Nope no fish yet . Filters will be seeded with mature media too which should help too .


----------



## Tim Harrison (2 Dec 2014)

The mineralising process will take about 2 months to complete. However, this is different to tank cycling, which should take a week or so with mature filter media.


----------



## plantnoob (2 Dec 2014)

no fish will be added until im getting zero for both ammonia and nitrite . a plus side of this waiting period is that plants will have a chance get well rooted . at what reading of ammonia would you reccomend a waterchange when its just plants ?


----------



## Tim Harrison (2 Dec 2014)

Water changes don't seem to be that crucial in a low-energy tank if it's just plants you have to worry about. The build up of a surface biofilm usually prompts me to change the water, if for no other reason than it looks unsightly and may reduce surface gas exchange.


----------



## plantnoob (2 Dec 2014)

so i can soil it , plant it and just keep testing until the ammonia and nitrite says i can add fish ? hell im liking this low tech approach already and i havent even started yet !  1 more question for now , re lighting . the tubes on this tank are pretty old and crappy looking , covered in a crusty white deposit and blackened inside at the ends so im going to replace with new ones . no increased wattage or anything just replace like for like . where do you stand on reflectors for a low light tank like this ,, yes or no ?


----------



## Tim Harrison (3 Dec 2014)

Yep, that's about the size of it...
It's up to you whether you use reflectors or not. Best to just suck it and see...If the lighting is too intense and you start to get algae you can always remove them, or if you prefer vice-versa...remove them to start with and see how your plants do.
So much of running a successful tank is experimenting with its parameters until you strike a happy balance...it gets easier with experience...well, at least some of the time


----------



## ian_m (3 Dec 2014)

You might be able to rotate the reflectors on the tubes, deflecting light away from the tank, a handy way of lowering light levels when starting your tank up.
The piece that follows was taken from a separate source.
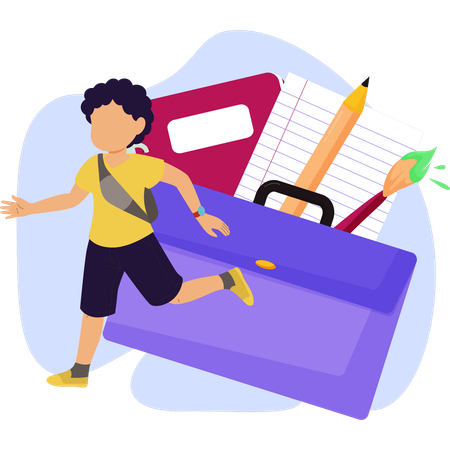Boy runs energetically with a backpack filled with school supplies ready for a day of learning  Illustration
When I moved my Vision 180 to high tech (ferts and CO2) , with T8 tubes, I rotated the reflectors round to keep light levels low for first couple of months. Worked fine, no algae at all.


----------



## plantnoob (3 Dec 2014)

Theres no reflectors on the tank i was just debating wether or not to buy some. I think i might just leave it for the 1st few weeks and see how things develop


----------